Tests sit at the third layer of the hierarchy: Project -> Channel -> Test -> Run -> Result. Every test belongs to a channel, and the channel’s connection type decides how the test reaches your agent (a phone call, a chat widget, a WebRTC voice session, or the LLM directly).

  1. Open a channel

    In a project, open the channel you want to test against and click + Test (or New Test). The test will run against that channel’s connection type. (Or describe the scenario to Tessie and let it write the test for you.)

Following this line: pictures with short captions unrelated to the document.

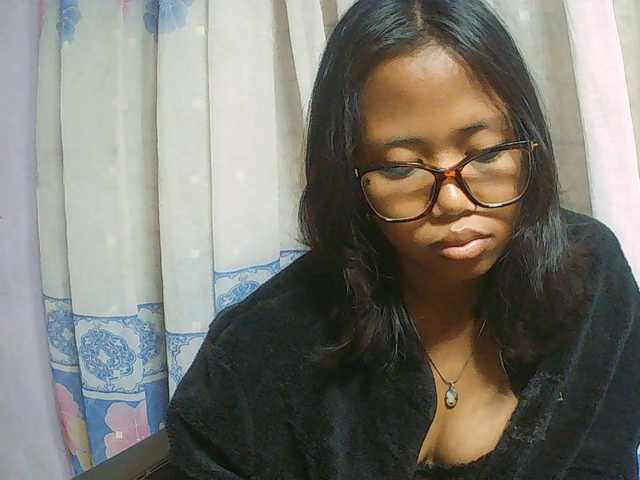 Natalie-Luxa live cam on BongaCams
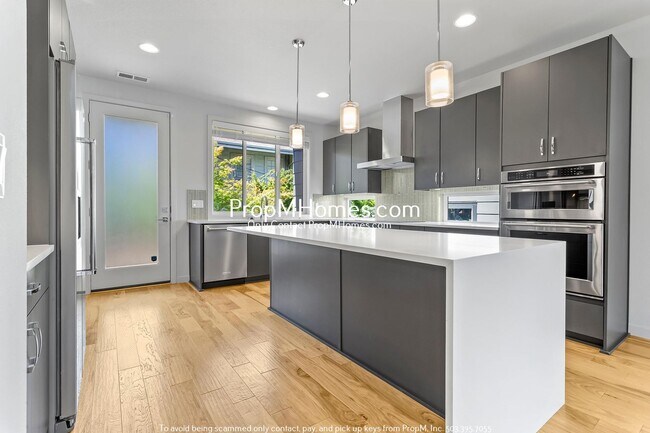 Building Photo - Modern Four Bedroom Home in the Heart of NE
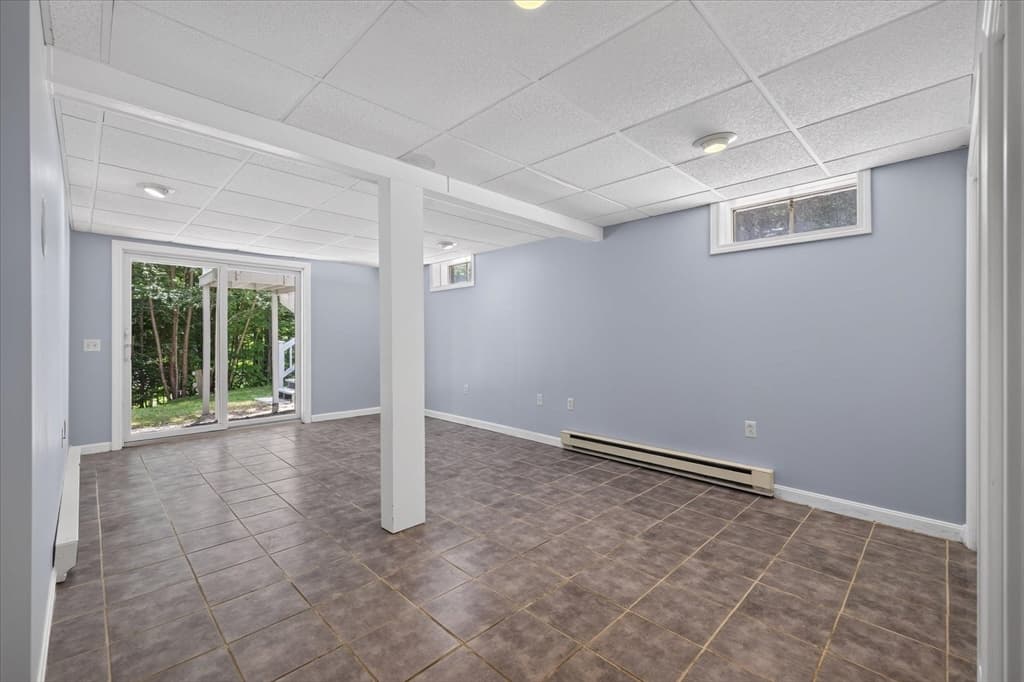 Single Family Residence at 37 Breakneck Rd, Sturbridge MA 01566, Sturbridge, photo 21 of 39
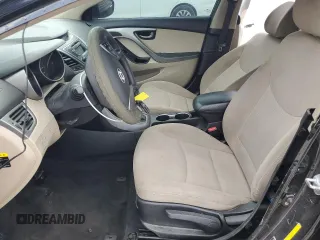 2014 Hyundai Elantra SE z VIN KMHDH4AE8EU070529, wystawiony jako Copart lot #60615255 z przebiegiem 128 052 mil mil oraz Szkoda całkowita • Salvage title. Historia ofert i sprzedaży dostępna na DreamBid. Obrazek 7.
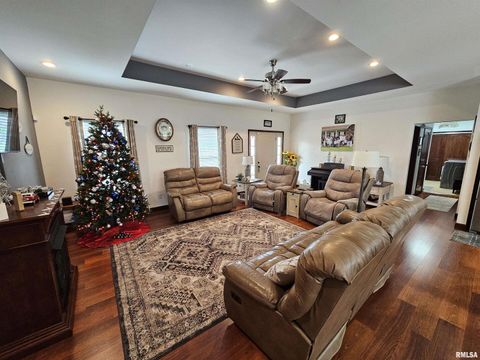 Tiny photo for 10586 N Spring Garden Lane, Mt Vernon, IL 62864 (MLS # EB460697)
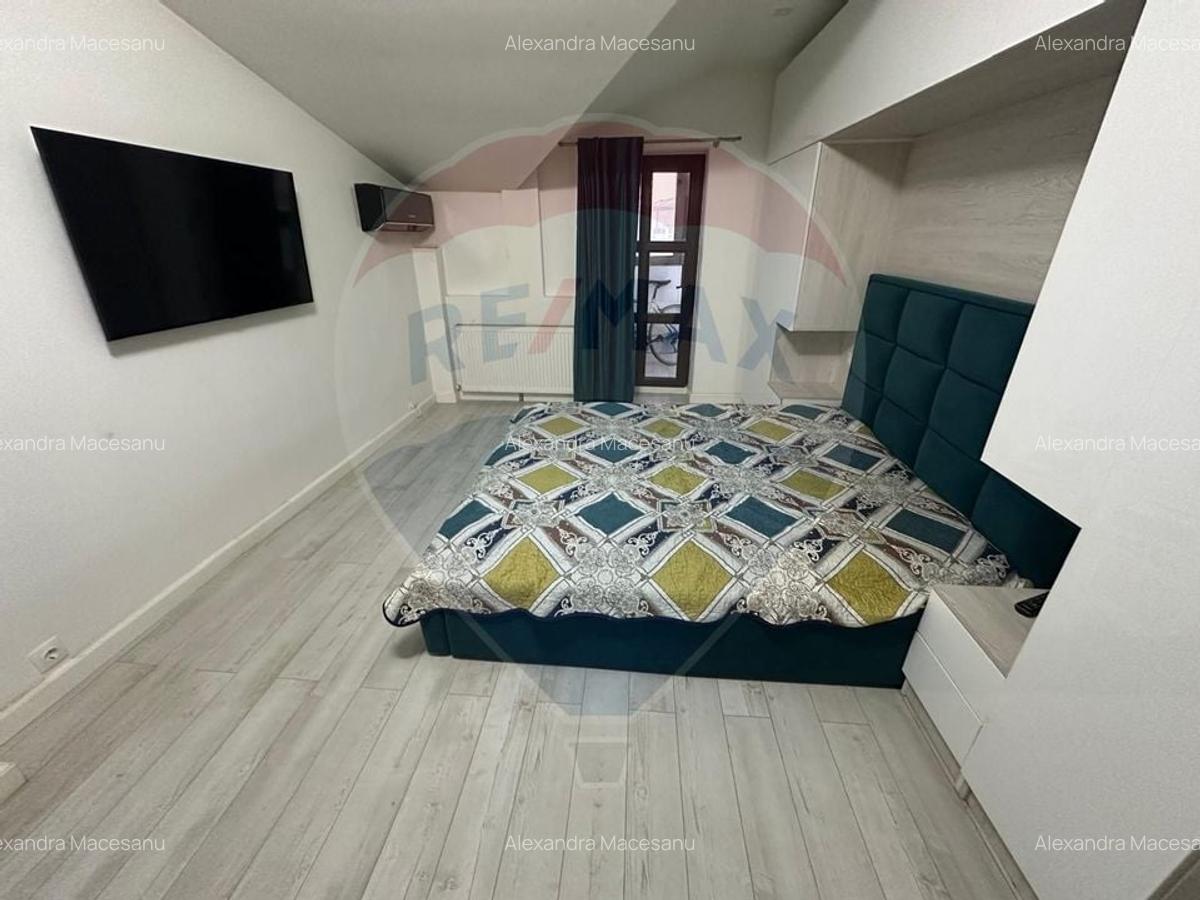 Apartament cu 4 camere de vanzare in zona Rovine - 13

  2. What should the tester do?

    In plain language, describe what the tester should do — this is the scenario that drives the tester’s side of the conversation, turn by turn. Be specific about the goal and any constraints, for example:

    “Caller asks to book a haircut for Saturday afternoon. The agent must confirm the day and time, and must not ask for a card number.”

    In a hurry? Click Use a template to drop in a starter script you can edit. (The field’s technical name is Caller Script.)

  3. What counts as passing?

    State what makes the run a pass. The grader checks the finished transcript against these criteria and returns a verdict, a score, and an analysis. Keep criteria concrete and checkable (“confirms a date and time”, “never asks for payment details”) rather than vague. (Technical name: Pass Criteria.)

  4. Advanced options (optional)

    The common path stops at the two questions above. Expand Advanced options to tune the rest:

    • Who speaks first? — whether the tester or the agent opens the conversation (Conversation Starter).
    • Max call length — a cap so a test cannot run forever (Max Duration (seconds)).
    • Prompt tokens — use {{date}}, {{phone_number}}, {{channel_prompt}}, {{project_prompt}} and the others to inject live values or pull in shared instructions from the channel and project instead of duplicating them.
  5. Save

    The test appears under its channel, ready to run.

Pick the test and click Run. Choose how many iterations to run, and optionally schedule it for later; track in-progress runs on the Queue page.

When a run finishes, open the result for:

  • a verdict bannerPASSED, FAILED, or UNCERTAIN — at the top of the page,
  • a transcript of the conversation,
  • a score,
  • a two-column analysis of why it passed or failed, and
  • the data collected during the run.

When a run fails, the result also shows a Suggested fix callout directly under the verdict banner — the single most actionable next step, pulled out of the analysis so you don’t have to dig for it.

Every section has a Copy button. Web Chat runs show a richer result with an enriched per-turn transcript and a screenshot gallery.

The grader returns one of three verdicts, shown as a badge:

  • PASSED — the transcript met your pass criteria.
  • FAILED — it did not.
  • UNCERTAIN — the grader could not decide confidently either way.

For scoring, PASSED counts as 100 and FAILED as 0; UNCERTAIN is treated as not passing.

To run the same set of tests against several channels at once — and benchmark how each connection type holds up — put the tests in a Folder channel and use the suite runner. Each run is attributed to the channel it actually ran against, so the comparison stays meaningful.

  • Generate a Report to analyse a channel’s or project’s results and get proposed fixes.
  • Automate runs from your own tooling: Integrate via API for CI, or Integrate via MCP to drive Testzilla from an AI agent.